The threshold setting unit 102 acquires the confidence thresholds for joints of the subject based on the joint information output from the joint information input unit 101, and sets the acquired confidence thresholds for joints as thresholds for use when the determination unit 106 makes a determination regarding skeletal estimation results of the subject.

The image input unit 103 accepts an input of an image that is to be subjected to state estimation. The image input unit 103 may read image data recorded on a recording medium such as a CD-ROM or a USB memory (Universal Serial Bus Memory). The image input unit 103 may also receive an image captured by a still camera or a video camera from that camera. The image input unit 103 may also receive image data from a network. The image input to the image input unit 103 may be a still image or a frame in a moving image. The image input unit 103 outputs the input image to the subject detection unit 104.

The subject detection unit 104 receives the image that was output by the image input unit 103. The subject detection unit 104 detects a subject in the input image. The subject detected by the subject detection unit 104 is a person, for example. The subject detection unit 104 outputs the detection result to the skeleton estimation unit 105.

The skeleton estimation unit 105 receives the detection result that was output by the subject detection unit 104. The skeleton estimation unit 105 estimates the positions of joints of the skeleton of the subject and confidence scores for the estimated positions based on the input detection result. The skeleton estimation unit 105 outputs the estimation results to the determination unit 106. The estimation results include information on the positions of joints of the skeleton of the subject and confidence scores for the estimated position.

The determination unit 106 receives the confidence thresholds for joints that were set by the threshold setting unit 102, and the estimation results that were output by the skeleton estimation unit 105. Based on the threshold values and the estimation results that were input, the determination unit 106 determines whether or not the skeletal information obtained from the input image is to be used for estimating the state of the subject.
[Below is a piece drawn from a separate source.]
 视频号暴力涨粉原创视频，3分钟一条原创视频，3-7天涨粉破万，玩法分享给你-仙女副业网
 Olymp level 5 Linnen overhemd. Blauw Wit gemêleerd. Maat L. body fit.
FIG. 2 is a flowchart showing a flow of threshold setting processing of the skeletal information determination device 10 according to the first embodiment.
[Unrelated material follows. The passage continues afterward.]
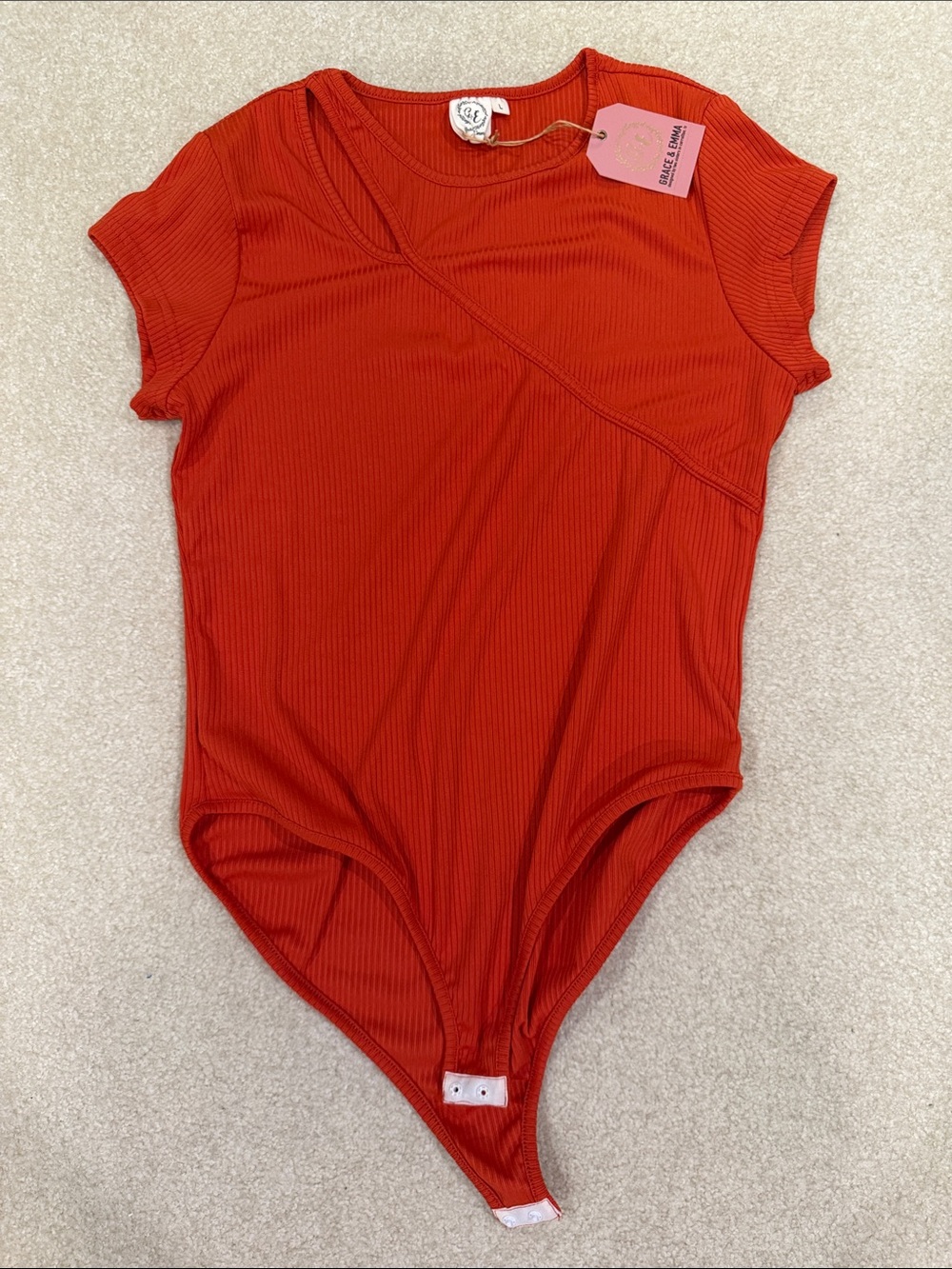Ribbed Burnt Orange One-Piece Bodysuit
The joint information input unit 101 receives joint information (step S101). Specifically, the joint information input unit 101 accepts an input of important joints among the joints of the subject, a confidence threshold creq for the important joints, and a confidence threshold cmin for the specified joints. The joint information input unit 101 outputs the input joint information to the threshold setting unit 102. The threshold setting unit 102 sets confidence thresholds for joints based on the joint information that was output by the joint information input unit 101 (step S102).
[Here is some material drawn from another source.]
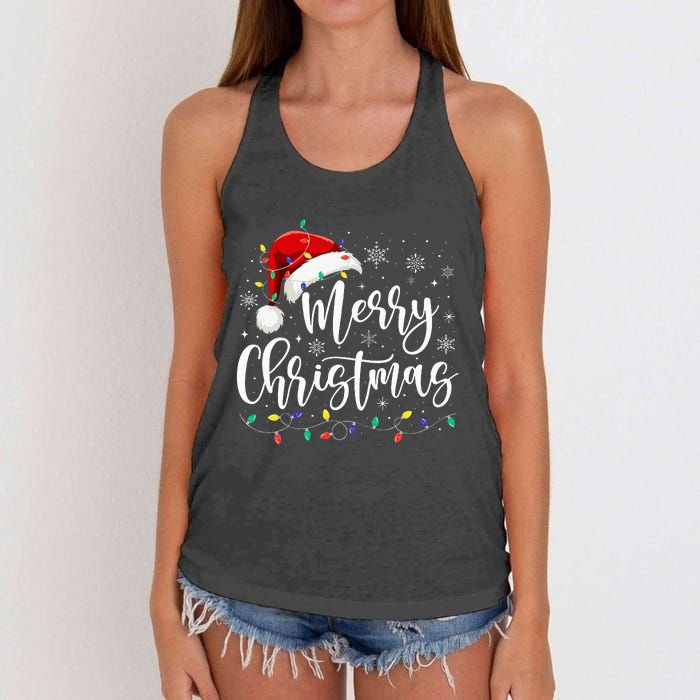 Merry Christmas Lights Red Santa Hat Xmas Family Women's Knotted Racerback Tank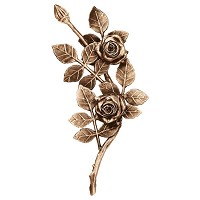 Wall plate roses right hand 28x13cm - 11x5in Bronze ornament for tombstone 3752-DX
FIGS. 3 and 4 are diagrams for describing an overview of processing of the threshold setting unit 102 in the first embodiment.

As shown in FIG. 3, the joint points corresponding to important joints are n=1, 4, 7 and 8, and the joint points corresponding to arbitrary joints are n=2, 3, 5, 6, 9 to 11, and 12 to 14. Among the arbitrary joints, the joint points that correspond to specified joints are n=11 and 14. Then, the user inputs 0.9 as the confidence threshold creq for the important joints and 0.2 as the confidence threshold cmin for the specified joints. In this case, as shown in FIG. 4, the threshold setting unit 102 sets 0.9 as the confidence threshold creq for the joint points that correspond to important joints n=1, 4, 7 and 8, and sets 0.2 as the confidence threshold cmin for the joint points that correspond to specified joint points n=11 and 14.

When the above settings are made, the threshold setting unit 102 calculates and sets a threshold value for the joint points n=2, 3, 5, 6, 9, 10, 12 and 13 that correspond to other arbitrary joints for which no confidence threshold was set. The threshold values for the joint points n=2, 3, 5, 6, 9, 10, 12 and 13 corresponding to other arbitrary joints for which not confidence threshold was set are acquired by the threshold setting unit 102 based on the distance from important joints. For example, the threshold setting unit 102 acquires the threshold value by linear interpolation. The threshold setting unit 102 then sets the acquired threshold value for the joint points.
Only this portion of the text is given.